• PROBLEM TO SOLVE: Transcribe every entry exactly, leaving out any pictures.

• Records from a data source:

= Beginning of Section =

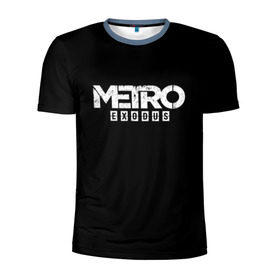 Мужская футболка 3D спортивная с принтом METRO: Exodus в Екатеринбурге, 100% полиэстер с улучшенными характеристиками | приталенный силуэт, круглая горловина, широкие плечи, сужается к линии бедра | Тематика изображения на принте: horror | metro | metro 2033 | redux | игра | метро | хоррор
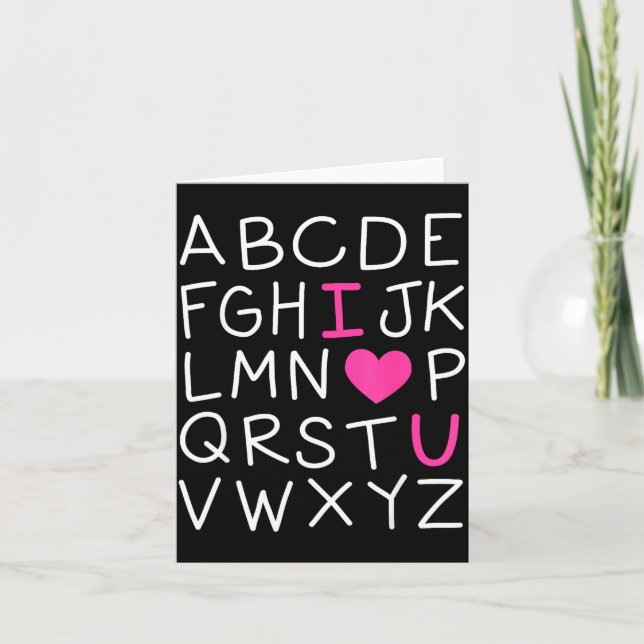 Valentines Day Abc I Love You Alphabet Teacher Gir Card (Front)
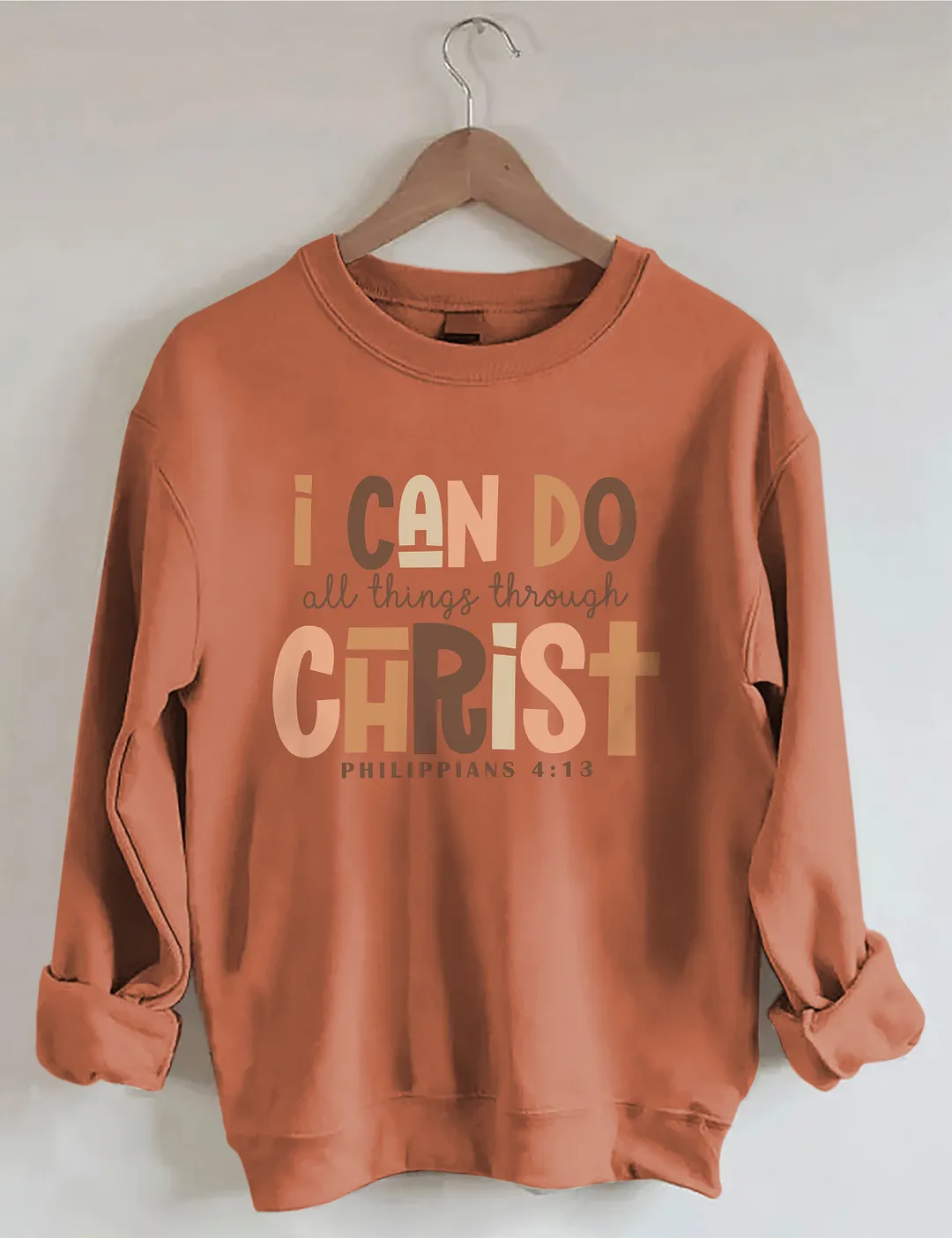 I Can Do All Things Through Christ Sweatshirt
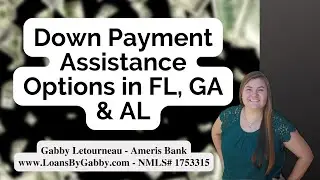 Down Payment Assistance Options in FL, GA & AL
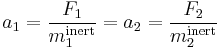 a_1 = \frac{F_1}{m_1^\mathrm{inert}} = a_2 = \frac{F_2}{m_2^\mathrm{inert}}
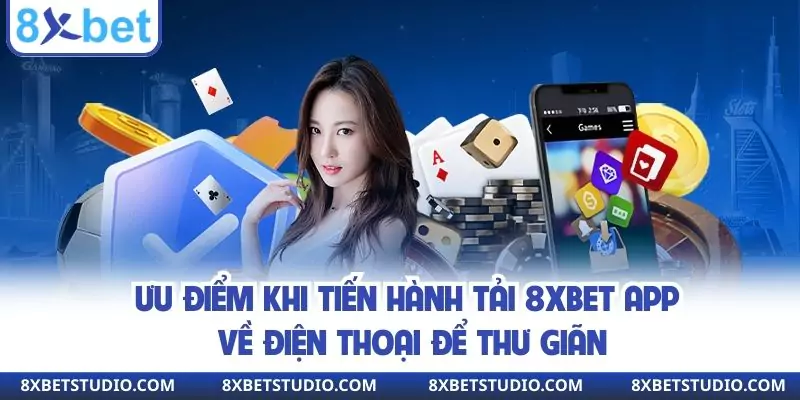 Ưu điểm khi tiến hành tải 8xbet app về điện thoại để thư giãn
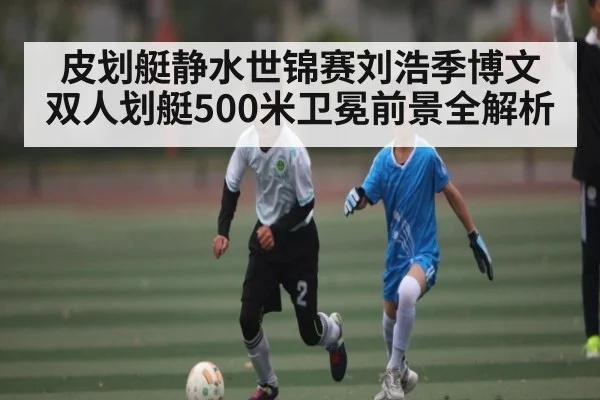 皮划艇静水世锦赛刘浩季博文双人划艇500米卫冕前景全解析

= End of Section =

• RESPONSE BOX:
 Мужская футболка 3D спортивная с принтом METRO: Exodus в Екатеринбурге, 100% полиэстер с улучшенными характеристиками | приталенный силуэт, круглая горловина, широкие плечи, сужается к линии бедра | Тематика изображения на принте: horror | metro | metro 2033 | redux | игра | метро | хоррор
 Valentines Day Abc I Love You Alphabet Teacher Gir Card (Front)
 I Can Do All Things Through Christ Sweatshirt
 Down Payment Assistance Options in FL, GA & AL
 a_1 = \frac{F_1}{m_1^\mathrm{inert}} = a_2 = \frac{F_2}{m_2^\mathrm{inert}}
 Ưu điểm khi tiến hành tải 8xbet app về điện thoại để thư giãn
 皮划艇静水世锦赛刘浩季博文双人划艇500米卫冕前景全解析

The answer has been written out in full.